L'auteur, Lily Brett, est née en Allemagne en 1946 dans un camp de personnes déplacées. Ses parents se marient dans le ghetto de Lodz (Pologne), puis sont ensuite séparés à leur arrivée dans le camp d’Auschwitz. Ils survivent à la Shoah et se retrouvent quelques mois après la fin de la guerre. En 1948, la famille émigre en Australie, à Melbourne, où Lily Brett grandit.

À l’âge de 19 ans, elle est embauchée par un magazine de rock australien et interviewe des dizaines de musiciens, y compris ceux qui deviendront des légendes du rock... Romancière et poète, elle est notamment l’auteur de six romans, dont le dernier, Lola Bensky, est sorti aux États-Unis en octobre 2013. Lily Brett vit aujourd’hui à New York.

Il y a plusieurs manières de lire son livre : la plupart des journalistes et des lecteurs seront sans doute sensibles avant tout aux portraits des grands noms du rock des Sixties – de Jimi Hendrix à Mick Jagger, en passant par Brian Jones et Janis Joplin – portraits talentueux, émouvants et souvent surprenants, que dresse l'auteur.

Personnellement, j'ai abordé le livre sous un angle légèrement différent : celui du thème omniprésent de la Shoah et de ses « séquelles » - ou pour dire les choses plus exactement : la blessure béante qui demeure présente chez les enfants de rescapés, comme Lily Brett, qui ne peut s'empêcher, chaque fois qu'elle rencontre une rock-star, de parler de ses parents et de la Shoah :

« Elle a hésité. Elle était là pour interviewer Mick Jagger, non pour parler du ghetto de Lodz ou d'Auschwitz. Elle s'est sentie gênée : elle était certaine qu'il ne voulait pas entendre de récits de camps de la mort ». Cette omniprésence de la Shoah s'explique, comme le dit l'auteur dans les dernières pages de son livre, par le fait qu'on « ne peut pas jeter son passé comme un manteau de l'année précédente ou une paire de chaussures qui ne vous va plus ».

Ce livre a touché une corde sensible chez moi, du fait que ma mère a été internée à Drancy, antichambre d'Auschwitz, lorsqu'elle avait 16 ans, expérience terrible dont elle m'a récemment avoué, à l'âge de 86 ans, que c'était « là qu'elle avait appris le plus sur la vie ».
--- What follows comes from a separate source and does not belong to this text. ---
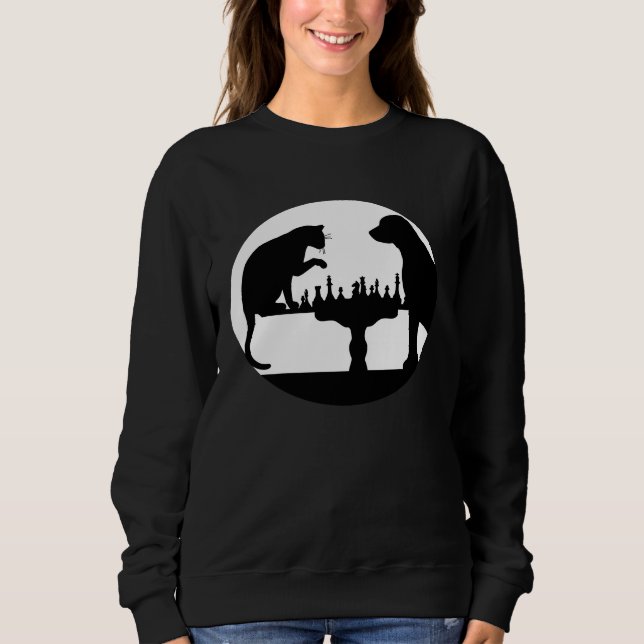 Chess Player  Dog Cat Chess Motif T Shirt (Framsida)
Mais cette remarque n'épuise pas, loin de là, l'intérêt de ce livre original, qui ne laisse pas le lecteur indemne. On y trouvera évidemment quantité d'anecdotes sur les grands noms de l'âge d'or du rock, dont on découvre un visage souvent très éloigné de leur réputation. L'auteur a une écriture à la fois simple et sensible, pleine d'humour et de pénétration psychologique.
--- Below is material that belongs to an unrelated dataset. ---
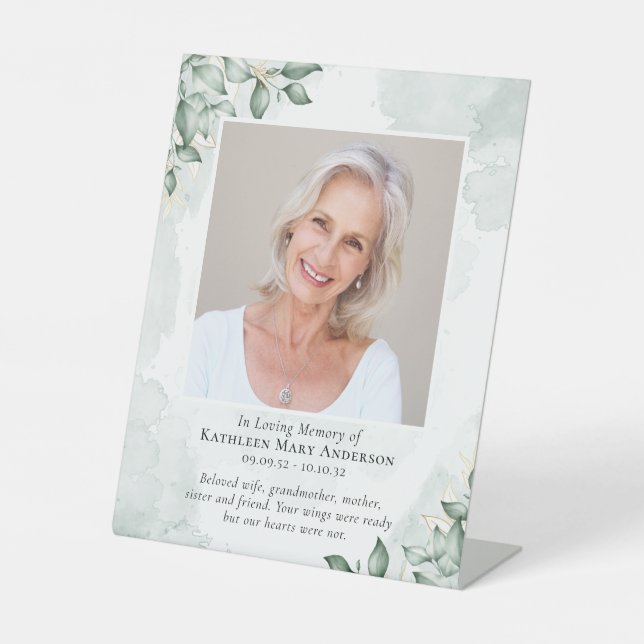 Eucalyptus Photo Memorial Tribute  Pedestal Sign (Front)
Lorsqu’elle interroge Mick Jagger, il lui confie « aimer se donner en spectacle », car « cela m'aide à me débarrasser de mon ego ». Jagger est particulièrement attachant, par sa sincérité et son empathie pour les Juifs qui ressort dans ses entretiens avec Lola Bensky.

On découvre d'ailleurs un point commun entre beaucoup de rock stars (et sans doute de musiciens en général) et de Juifs : leur sensibilité à fleur de peau. Le yiddish est aussi très présent dans le livre, à travers des expressions imagées et notamment dans cet entretien avec Mick Jagger (décidément le plus « Juif » des stars du rock!) :

« Lola savait que Mick Jagger avait reçu une éducation catholique, et pourtant on aurait dit un Juif quand il parlait comme ça. Cette énumération de ce qui n'allait pas était très juive... Demandez à un Juif comment ça va et vous obtiendrez une liste de lamentations. Il n'y a pas un seul manuel de conversation yiddish qui proposera « Parfaitement bien merci », ou « on ne peut mieux » en réponse à la question « Comment allez-vous ? »
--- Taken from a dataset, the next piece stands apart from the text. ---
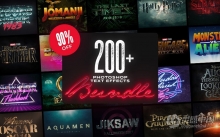 【PS样式】200多个电影卡通水彩复古3D文字效果 Photoshop文本样式合集 200+ Photoshop Text Effects Bundle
Avec ce roman autobiographique, les éditions La Grande Ourse, créées il y a deux ans par deux jeunes femmes dynamiques, permettent au lectorat francophone de découvrir un auteur encore inconnu en France et publient une véritable trouvaille, conforme à leur ligne éditoriale, qui privilégie les thèmes de « la transmission, de la mémoire, de la quête, de l’identité, ainsi que les sujets touchant aux femmes ».

Ce très beau livre ne laissera, j'en suis convaincu, aucun lecteur indifférent et je souhaite qu'il touche un large public et connaisse un succès mérité, à la hauteur de son contenu et de son intérêt.

Pierre Itshak Lurçat

Lily Brett, Lola Bensky, Editions La Grande Ourse, 2014, 270 p, 20 euros.